PDO Kenya Pamoja Initiative
A social innovation that bridges the gap in mental health treatment and care
Over 450 million people suffer from a mental or behavioural disorder. WHO’s Global Burden of Disease 2001 indicate that 33% of the Years Lived with Disability (YLD) are due to neuropsychiatric disorders.
Unipolar depressive disorders alone lead to 12.15% of years lived with disability, and rank as the third leading contributor to the global burden of diseases. Four of the six leading causes of years lived with disability are due to neuropsychiatric disorders.
In Kenya, studies show that 10.8% of Kenyans have a mental illness at any point in time. However, the government invests 0.01% of the health expenditure on mental health and has only 62 government psychiatrists serving 47 m Kenyans (WHO 2017).
Consequently, mental health services remain practically inaccessible to most Kenyans particularly those who deserve it most – the poor and socially excluded groups.
Pamoja Initiative is born
Due to this systemic neglect, people living with mental illness and psychologists in Nakuru to came together to help bridge the gap.

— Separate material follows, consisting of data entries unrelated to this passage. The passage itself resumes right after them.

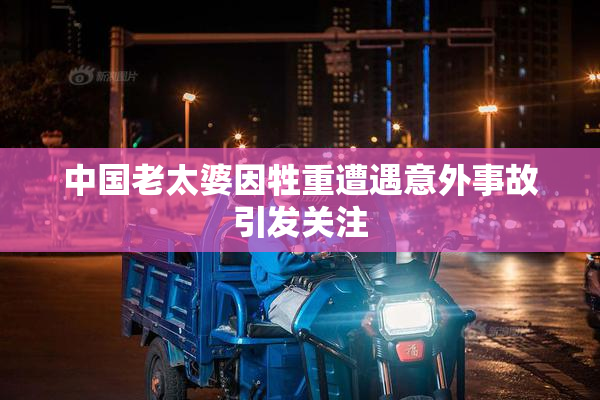 中国老太婆因牲重遭遇意外事故引发关注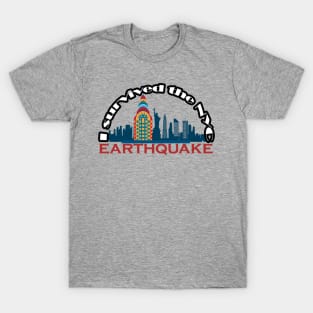 i servived the nyc earthquake T-Shirt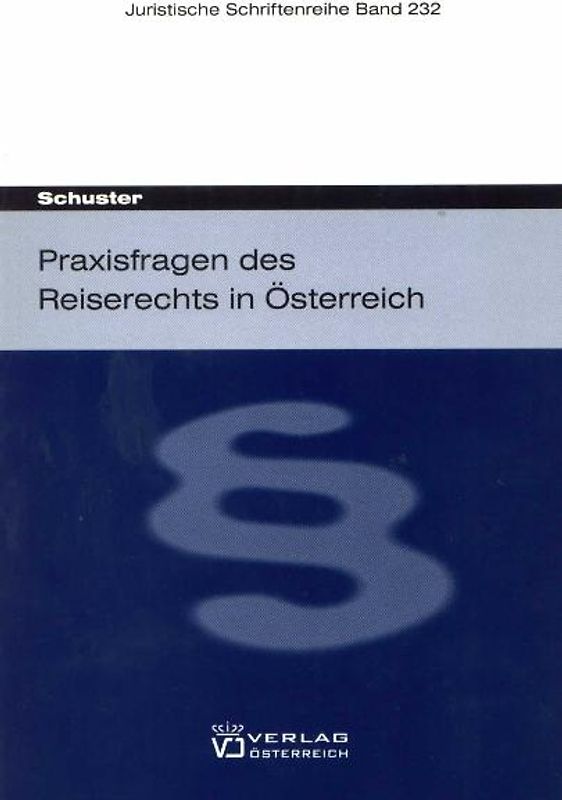 Praxisfragen des Reiserechts in Österreich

We developed the Pamoja Initiative (Swahili for 'we are one'), a social innovation that bridges the gap in mental health treatment and care at the grassroots.
The innovation provides a platform for psychologists and people with lived mental health experiences to volunteer their time to help our community overcome the biggest barrier to treatment – access (cost and distance).
How it works
Our innovation is three-pronged: advocacy, free treatment and social support. The innovation is grounded on volunteerism that thrives on the altruistic nature of human beings. We have two categories of volunteers:
This social innovation targets the poor and socially excluded groups in our community who are left out by mainstream actors. Our beneficiaries are largely drawn from people living in slums, vulnerable adolescents, PLWHIV, prisoners, drug users, sex workers, GBV survivors, survivors of Solai disasters.
HIV and GBV
HIV and GBV is a cause and effect of mental health problems. The rising cases of GBV and HIV among the poor and socially excluded groups have resulted in a rise in cases mental health problems among them depression, anxiety, traumatic stress symptoms and substance abuse.
Due to the growing demand for psychological support from people living with HIV among our beneficiaries, Pamoja Initiative last year started a dedicated HIV psychosocial support program run by PDO member who has lived with the virus for 21 years.